Added per-operator level performance stats for Query Processing

Cross post with https://aka.ms/sqlserverteam

When you are troubleshooting query performance, metrics are never too much. With that in mind, based on customer feedback, but also our own CSS support, we have added runtime information to Showplan, and exposed a new Extended Event in SQL Server 2016 RC0. We are adding the new Showplan info and Extended Event in an upcoming SQL Server 2014 Service Pack, and as usual deliver added value to in-market versions.

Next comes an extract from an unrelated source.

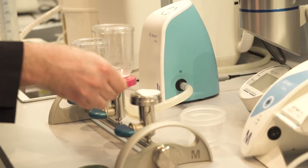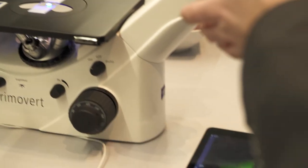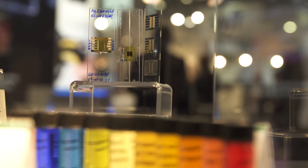New technologies, hands-on experiments and insights into the laboratory of the future. That's Analytica 2018.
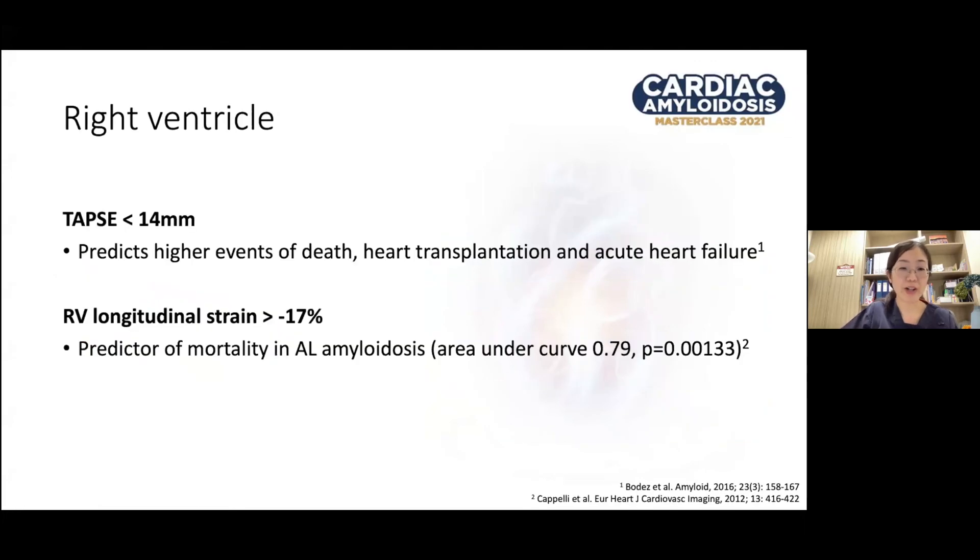There are also right ventricular parameters that can help in prognostication. A TAPSE value of less than 14 mm was predictive of higher events of death, the need for heart transplantation, as well as events of acute heart failure. And an RV longitudinal strain of more than negative 17% significantly predicted worse survival in ATTR amyloidosis.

Regarding Showplan, take a test query on which we are doing a Clustered index Scan, and look the information available until SQL Server 2014:

 <RunTimeInformation>
   <RunTimeCountersPerThread Thread="0" ActualRows="8001" ActualEndOfScans="1" ActualExecutions="1" />
</RunTimeInformation>

We can see the scan returned 8001 rows, but that doesn’t give you much insight regarding performance of the scan.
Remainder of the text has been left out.